Step Two: Repeat in question form. This is in an attempt to clarify the revelation, just in case one has heard wrong. It is important because of Step Three. When one repeats, "Francisco’s moved the operation?" one may very well get back the response, "No, I said ‘Ban Sisqo’s nude sheep masturbation.’ What? Don’t tell me you approve of that sort of thing!" More transparent than the other steps, this one is intended to show the character’s stubborn unwillingness to accept the revelation. The audience is moved to shake their heads for him, as they have already completed the acceptance process.
You’re gay, Tom. Your mother and I have always known.
Step Three: Commit to belief. In this step the most important aspect is the far-off look. Cruise’s method is to tell himself "I knew it," (not out loud, but with his "inside voice") or "I can’t believe it," or "It figures" as the full weight of the revelation settles. Cruise may throw up his hands, raise his eyebrows and add a little shrug here, as well. Like a good actor, he is showing us "wow," without actually saying "wow."
Step Four: Stutter. The foreboding grin now becomes a self-protective grin as Cruise tries to rephrase the revelation and flesh out the whys and wherefores. "You mean—" he abortively spurts. "I thought—" or "(insert other character’s name here, spoken Incredulously©)—". Now, he is reaching out for assurance or understanding somewhere, somehow.
3... 2... 1...
Step Five: Sudden outburst/odd calm. It’s all over. The revelation has come and FUCK! SHIT! (Feel free to flip over table here.) "I’m ok. I’m ok." FUCK! SHIT! WHAT THE WHORE!!?? (Slam fist down on something or kick a trashcan, then stop. Run fingers through hair. Look up at ceiling. Repeat as necessary.)

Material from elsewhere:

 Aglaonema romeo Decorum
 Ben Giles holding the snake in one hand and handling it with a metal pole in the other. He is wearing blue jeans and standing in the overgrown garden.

And that’s all there is to Incredulous Process©. In just five easy steps you too can be on your way to quadrillions of dollars, a worldwide fan base of oblivious guys who think you’re macho and oblivious girls who think you’re straight, achieve Level III Operating Thetan class, defeat alien galactic ruler Xenu, take a ride down the razzleberry waterfall, and dance with the merry leprechauns forever and ever.
(To experience uninterrupted meaningful silence, see those Frenchies in A Pure Formality, the final Bjork scenes in Dancer in the Dark, or the Blade Runner director’s cut. Or you could try shutting up for two seconds, you know.)